- **Entries provided**:
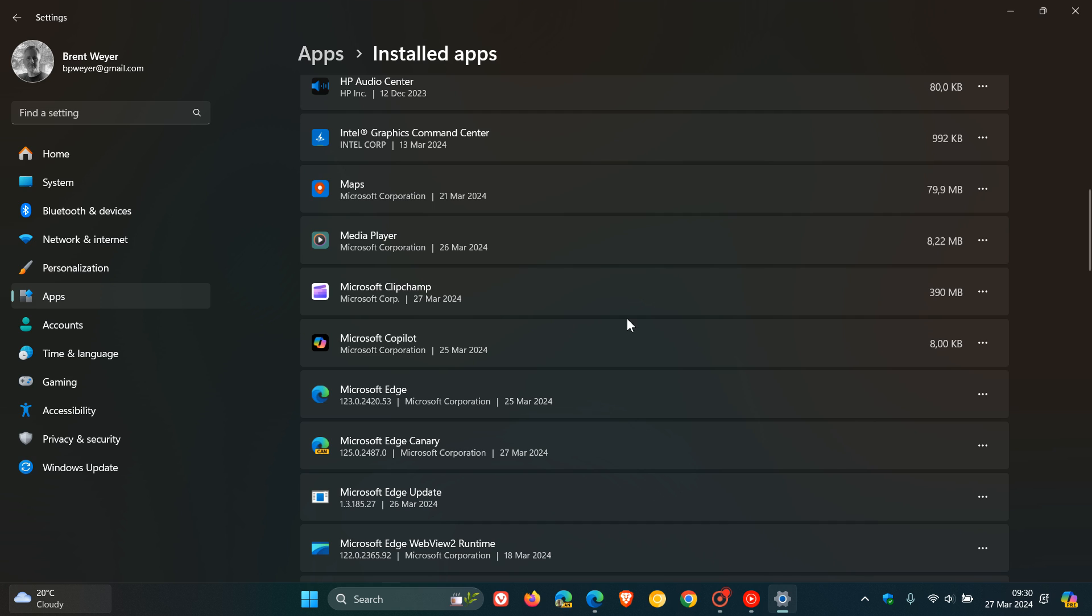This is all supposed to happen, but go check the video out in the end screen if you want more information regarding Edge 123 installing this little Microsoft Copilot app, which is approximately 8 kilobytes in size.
...
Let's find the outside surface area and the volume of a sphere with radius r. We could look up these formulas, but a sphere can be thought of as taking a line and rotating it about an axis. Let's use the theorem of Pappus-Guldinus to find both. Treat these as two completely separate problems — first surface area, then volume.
---
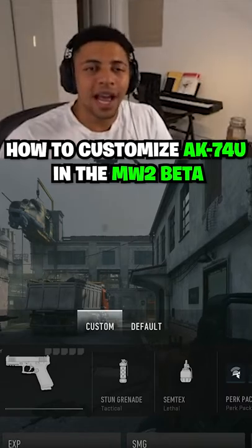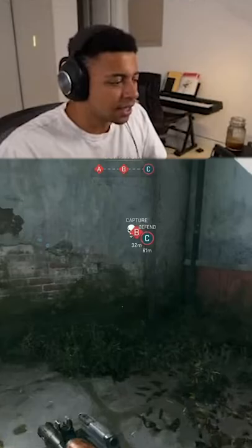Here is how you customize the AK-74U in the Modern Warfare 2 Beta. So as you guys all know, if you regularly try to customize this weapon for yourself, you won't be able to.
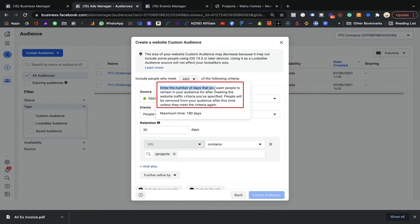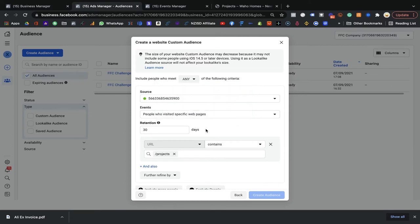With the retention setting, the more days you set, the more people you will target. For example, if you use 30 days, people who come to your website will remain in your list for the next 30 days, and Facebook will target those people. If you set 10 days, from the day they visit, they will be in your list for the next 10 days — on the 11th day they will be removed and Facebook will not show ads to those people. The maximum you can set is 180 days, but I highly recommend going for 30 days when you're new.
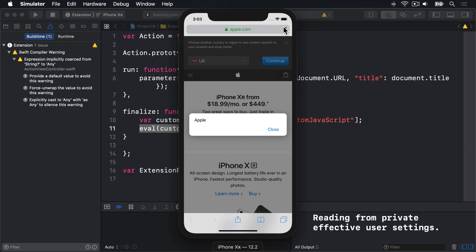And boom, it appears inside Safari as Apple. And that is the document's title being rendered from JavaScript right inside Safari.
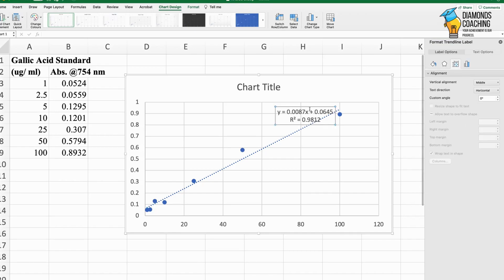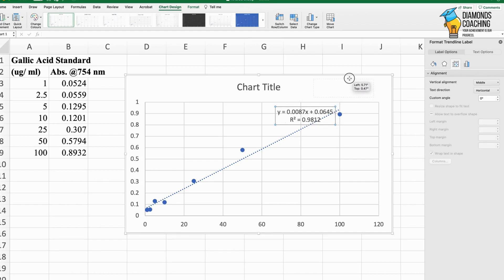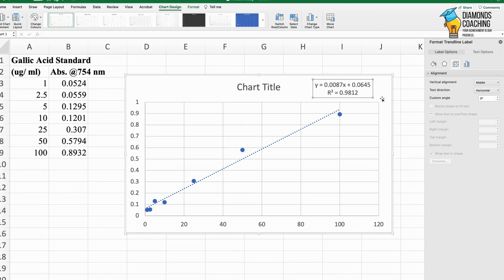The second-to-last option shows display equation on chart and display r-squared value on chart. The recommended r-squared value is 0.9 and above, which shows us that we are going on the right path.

- **Aim of the exercise**:
What you return from the records above should be exactly everything from the line with "With the retention" down to the line with "The second-to-last option", both kept, and no pictures.

- **Exercise response**:
With the retention setting, the more days you set, the more people you will target. For example, if you use 30 days, people who come to your website will remain in your list for the next 30 days, and Facebook will target those people. If you set 10 days, from the day they visit, they will be in your list for the next 10 days — on the 11th day they will be removed and Facebook will not show ads to those people. The maximum you can set is 180 days, but I highly recommend going for 30 days when you're new.
And boom, it appears inside Safari as Apple. And that is the document's title being rendered from JavaScript right inside Safari.
The second-to-last option shows display equation on chart and display r-squared value on chart. The recommended r-squared value is 0.9 and above, which shows us that we are going on the right path.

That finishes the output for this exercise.